A slow build is rarely caused by one cause. You need to separate the pipeline into components that can be tracked independently.

1) Queue time

Queue time is the time a job spends waiting before a runner starts it. This is often the first place to look because it is invisible to test results. If tests pass and runtime looks stable once they begin, but builds wait for 3, 5, or 15 minutes before starting, your problem is capacity or scheduling, not test logic.

Track:

  • Time from job creation to runner pickup
  • Time by runner pool, environment, branch, and time of day
  • Queue depth and runner utilization over time

Queue time often points to one of these issues:

  • Not enough runners for peak demand
  • Concurrency limits on the CI platform
  • Long-running jobs hogging executors
  • A mix of job types competing for the same pool

2) Checkout and dependency restore

Source checkout, git submodule fetches, package restore, and cache hydration can become a major part of runtime, especially in large monorepos or image-heavy pipelines.

Measure:

  • Git clone or fetch duration
  • Dependency install duration
  • Cache hit rate and cache restore time
  • Artifact download duration between stages

If dependency restoration is slower but tests are not, the test suite is innocent. The bottleneck is usually cache quality, network access, package registry latency, or bloated dependency graphs.

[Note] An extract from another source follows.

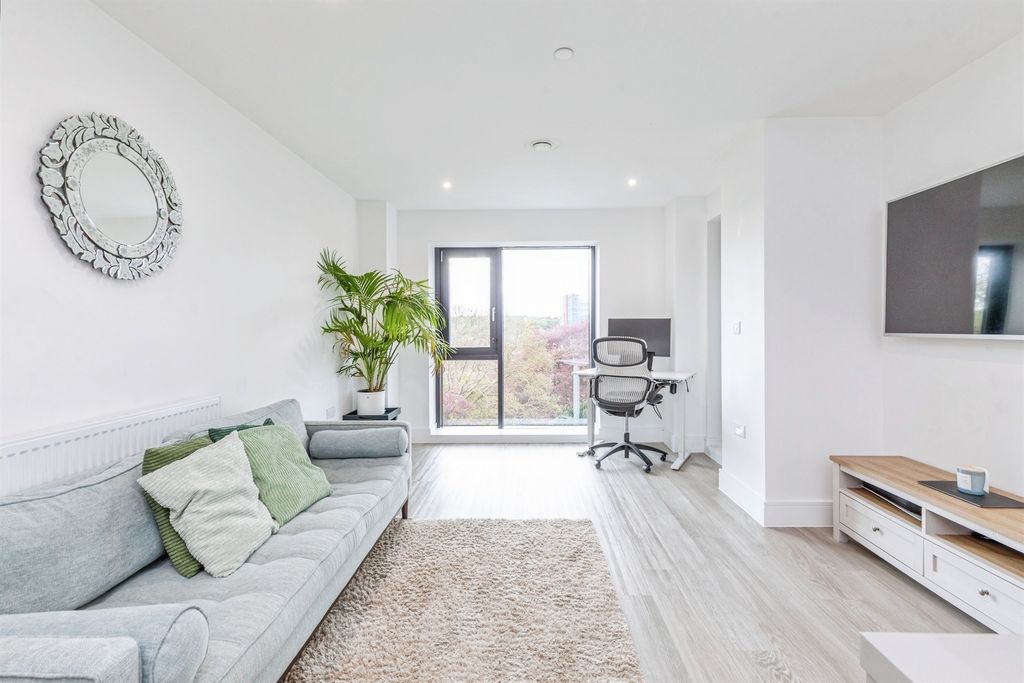 Additional image 2 of 1 bed flat for saleWhiffens Avenue, Chatham ME4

3) Environment setup and provisioning

Environment setup includes container startup, VM boot time, database initialization, browser installation, service startup, and test data seeding. These steps can be stable for months and then silently drift upward as images grow or environments become more complex.

Track:

  • Container startup time
  • VM or ephemeral environment provisioning time
  • Service readiness time
  • Test fixture creation time
  • Browser and driver startup time for UI tests

4) Test execution time

This is the part most teams watch first, but it is only one slice of the full pipeline.

Measure:

  • Per-suite runtime
  • Per-file or per-spec runtime
  • Median and p95 test duration
  • Time spent waiting on explicit or implicit waits
  • Serial vs parallel execution time

For context on the broader discipline, the software testing and test automation references are useful reminders that execution time is only one property of an automated test system, not the whole system.

5) Post-test work

Many teams forget that the pipeline is not finished when the last test passes. Reporting, artifact upload, log collection, coverage merging, container cleanup, and notifications can all add nontrivial time.

Measure:

  • Artifact upload duration
  • Coverage report generation time
  • Log compression and upload time
  • Cleanup and teardown time
  • Slack, webhook, or release note publishing time

Build a timing model before you optimize anything

The simplest way to analyze CI runtime is to treat each job as a timeline with named phases. A useful model looks like this:

  • queued
  • started
  • checkout completed
  • dependencies ready
  • environment ready
  • tests started
  • tests completed
  • artifacts uploaded
  • job finished

If you can emit timestamps for each phase, you can answer almost every performance question with data instead of intuition.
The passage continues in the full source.